FIGURE 6 – Active and passive future

  • STEP 12: Visualise scenarios. To illustrate your narratives, begin creating visuals for each. You could create one moodboard per scenario. Sometimes this is sufficient. In other situations you might want to create concept art illustrations or photomontages.
  • STEP 13: Prototype scenarios In this step your aim is to experience the full complexity of the scenarios you have devised. One way to do this is to enact each scenario as a performance. This can help to raise awareness of its challenges, and how all those involved might react in the scenario. You could use tools such as inflatables and actors, or whatever you wish in order to convey and embody your scenario. This step is a longer process that requires project planning and production.

An open-ended symphony

The symphony of tools for future scenario building outlined above provides a set of self-contained elements that can be used in different configurations, depending on the needs of participants and the challenges involved. Each of the steps has a different purpose. The matrix delineates types of scenarios, while vantage points and time perspectives allow for different orientations. The approach we took at FoAM was unique in that we used the Foodprints ruler to focus on scenarios related to food, as well as to provide clear parameters and central themes for the discussions to follow. Metaphorically, steps 1–8 map the territory and explore the terrain, while 9–13 look at how the terrain changes over time.

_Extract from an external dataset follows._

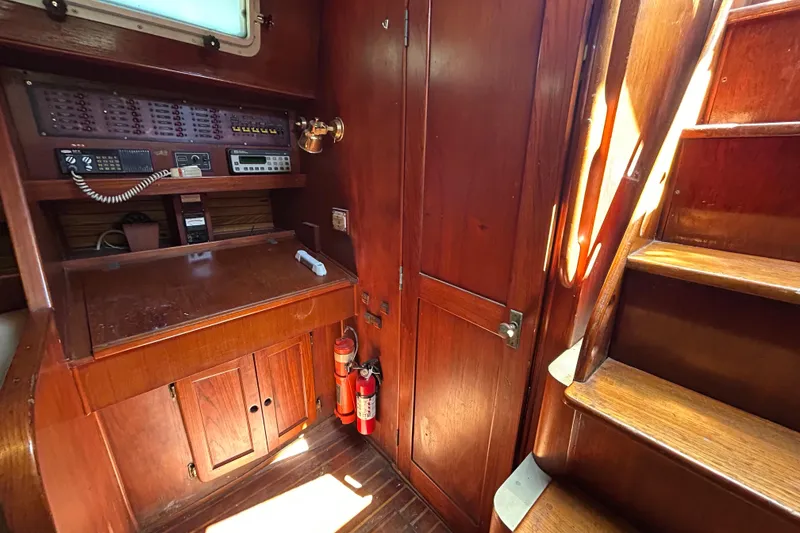 Slide: The Image of Interior of 1983 Morgan 45 Catalina sailboat with wooden cabinetry and navigation equipment. - 205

FIGURE 7 – Viewing a scenario from different perspectives

It is our belief that the most important reason for thinking about the future is to learn about and adapt our behaviours in the present. Panarchy and the temporal model can help us reflect on the effect of our mindsets on system-wide changes. Our past past was at one time our future and this past has now determined our present. The panarchy model reflects the unpredictability of the rate of change in systems, but outlines perspectives for understanding this change. In planning for the future with an awareness of our agency and ability to shape change, future scenario building provides us with much more than an arsenal for anticipating potential problems. It shines a light on behaviours and actions which may avert these problems before they arise.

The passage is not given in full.